*** Opening of Given records ***

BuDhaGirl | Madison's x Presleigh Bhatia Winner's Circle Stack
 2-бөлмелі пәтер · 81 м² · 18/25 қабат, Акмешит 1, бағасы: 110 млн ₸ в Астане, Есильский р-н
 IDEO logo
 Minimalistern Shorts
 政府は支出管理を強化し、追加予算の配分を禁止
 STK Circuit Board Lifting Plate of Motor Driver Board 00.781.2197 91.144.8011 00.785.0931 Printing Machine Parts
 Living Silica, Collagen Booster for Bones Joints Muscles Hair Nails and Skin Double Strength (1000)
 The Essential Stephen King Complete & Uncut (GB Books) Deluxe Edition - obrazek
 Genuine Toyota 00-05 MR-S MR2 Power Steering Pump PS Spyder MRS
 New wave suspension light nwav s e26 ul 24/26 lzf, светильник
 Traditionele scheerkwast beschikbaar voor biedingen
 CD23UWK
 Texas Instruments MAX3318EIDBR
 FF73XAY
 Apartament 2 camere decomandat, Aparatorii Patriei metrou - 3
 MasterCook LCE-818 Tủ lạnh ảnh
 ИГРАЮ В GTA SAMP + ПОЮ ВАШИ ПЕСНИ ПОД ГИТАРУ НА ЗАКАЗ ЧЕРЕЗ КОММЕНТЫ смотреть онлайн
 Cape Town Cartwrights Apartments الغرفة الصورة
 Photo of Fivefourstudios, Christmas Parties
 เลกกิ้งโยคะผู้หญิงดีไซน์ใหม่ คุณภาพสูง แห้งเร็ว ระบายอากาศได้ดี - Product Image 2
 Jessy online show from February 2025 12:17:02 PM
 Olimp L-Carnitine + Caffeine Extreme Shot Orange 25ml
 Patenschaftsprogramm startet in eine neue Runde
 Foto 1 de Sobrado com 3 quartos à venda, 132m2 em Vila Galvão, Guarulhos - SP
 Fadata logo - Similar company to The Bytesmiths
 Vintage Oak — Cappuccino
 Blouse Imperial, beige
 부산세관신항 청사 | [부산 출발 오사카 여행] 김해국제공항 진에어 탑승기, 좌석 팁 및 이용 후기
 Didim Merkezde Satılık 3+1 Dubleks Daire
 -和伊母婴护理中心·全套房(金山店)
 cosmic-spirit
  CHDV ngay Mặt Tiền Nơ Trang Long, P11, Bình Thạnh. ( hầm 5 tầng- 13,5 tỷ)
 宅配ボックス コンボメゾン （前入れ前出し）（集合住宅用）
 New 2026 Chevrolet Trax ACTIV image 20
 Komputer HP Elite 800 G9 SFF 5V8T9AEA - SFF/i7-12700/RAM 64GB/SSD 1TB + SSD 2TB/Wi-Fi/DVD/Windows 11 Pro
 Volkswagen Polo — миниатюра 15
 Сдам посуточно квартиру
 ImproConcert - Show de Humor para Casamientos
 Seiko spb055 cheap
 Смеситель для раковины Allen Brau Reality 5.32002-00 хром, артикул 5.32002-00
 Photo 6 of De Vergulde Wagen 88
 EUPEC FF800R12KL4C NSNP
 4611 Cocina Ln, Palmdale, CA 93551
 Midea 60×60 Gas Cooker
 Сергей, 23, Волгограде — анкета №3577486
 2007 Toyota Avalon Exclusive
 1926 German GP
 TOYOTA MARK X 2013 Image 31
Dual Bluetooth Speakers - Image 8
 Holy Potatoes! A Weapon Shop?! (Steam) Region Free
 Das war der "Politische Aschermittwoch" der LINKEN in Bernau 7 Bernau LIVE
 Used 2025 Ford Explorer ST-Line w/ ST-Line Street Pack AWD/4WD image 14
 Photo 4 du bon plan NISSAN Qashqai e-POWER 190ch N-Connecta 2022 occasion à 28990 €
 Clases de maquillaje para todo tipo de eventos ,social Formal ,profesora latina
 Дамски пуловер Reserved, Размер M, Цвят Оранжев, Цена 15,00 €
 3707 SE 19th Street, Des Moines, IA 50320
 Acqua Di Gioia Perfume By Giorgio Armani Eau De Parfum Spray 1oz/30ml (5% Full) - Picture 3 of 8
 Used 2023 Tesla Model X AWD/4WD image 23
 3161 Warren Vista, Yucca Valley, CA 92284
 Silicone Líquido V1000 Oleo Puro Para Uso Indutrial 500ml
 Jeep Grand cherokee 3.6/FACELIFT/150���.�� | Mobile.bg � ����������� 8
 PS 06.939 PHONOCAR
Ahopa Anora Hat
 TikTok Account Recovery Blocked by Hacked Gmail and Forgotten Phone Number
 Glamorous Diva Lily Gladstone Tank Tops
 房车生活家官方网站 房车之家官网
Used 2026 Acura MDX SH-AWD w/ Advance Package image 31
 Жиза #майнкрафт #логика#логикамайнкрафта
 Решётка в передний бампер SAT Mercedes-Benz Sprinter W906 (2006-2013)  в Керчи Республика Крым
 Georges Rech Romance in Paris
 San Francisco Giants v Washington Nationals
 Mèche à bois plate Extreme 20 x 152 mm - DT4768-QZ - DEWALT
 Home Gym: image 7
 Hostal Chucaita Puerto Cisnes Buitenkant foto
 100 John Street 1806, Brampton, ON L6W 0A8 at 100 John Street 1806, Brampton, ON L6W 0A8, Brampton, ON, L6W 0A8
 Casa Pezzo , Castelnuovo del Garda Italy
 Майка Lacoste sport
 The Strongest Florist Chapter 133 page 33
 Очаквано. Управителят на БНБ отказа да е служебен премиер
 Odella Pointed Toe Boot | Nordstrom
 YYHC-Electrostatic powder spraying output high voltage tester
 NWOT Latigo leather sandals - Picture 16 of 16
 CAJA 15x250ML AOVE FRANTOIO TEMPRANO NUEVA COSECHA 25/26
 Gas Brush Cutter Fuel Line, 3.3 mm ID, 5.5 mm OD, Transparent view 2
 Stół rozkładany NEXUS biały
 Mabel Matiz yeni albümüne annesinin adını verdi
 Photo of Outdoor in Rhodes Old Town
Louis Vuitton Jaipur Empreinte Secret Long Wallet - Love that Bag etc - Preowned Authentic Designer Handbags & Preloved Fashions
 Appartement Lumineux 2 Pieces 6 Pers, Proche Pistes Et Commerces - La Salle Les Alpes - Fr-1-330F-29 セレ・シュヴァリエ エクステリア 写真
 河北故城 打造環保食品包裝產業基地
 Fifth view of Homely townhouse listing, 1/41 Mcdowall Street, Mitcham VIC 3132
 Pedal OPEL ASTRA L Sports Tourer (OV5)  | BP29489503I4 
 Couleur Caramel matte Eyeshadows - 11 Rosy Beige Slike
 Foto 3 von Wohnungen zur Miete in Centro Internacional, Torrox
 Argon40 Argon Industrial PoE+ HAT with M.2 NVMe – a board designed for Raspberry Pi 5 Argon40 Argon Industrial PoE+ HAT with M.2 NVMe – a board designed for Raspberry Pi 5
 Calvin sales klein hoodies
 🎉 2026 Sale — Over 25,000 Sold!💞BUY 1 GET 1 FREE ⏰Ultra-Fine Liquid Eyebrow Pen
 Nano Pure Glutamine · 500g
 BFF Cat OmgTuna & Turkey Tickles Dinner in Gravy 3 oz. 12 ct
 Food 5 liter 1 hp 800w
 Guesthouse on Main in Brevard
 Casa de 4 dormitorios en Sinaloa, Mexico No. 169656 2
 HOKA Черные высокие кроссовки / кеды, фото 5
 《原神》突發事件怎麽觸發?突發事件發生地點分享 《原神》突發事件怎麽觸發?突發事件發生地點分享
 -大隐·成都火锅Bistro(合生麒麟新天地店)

*** Close of Given records ***

▶ [Your assignment]:
Copy all lines of the records that have the string "Extreme" in them.

▶ [Exercise solution]:
 Olimp L-Carnitine + Caffeine Extreme Shot Orange 25ml
 Mèche à bois plate Extreme 20 x 152 mm - DT4768-QZ - DEWALT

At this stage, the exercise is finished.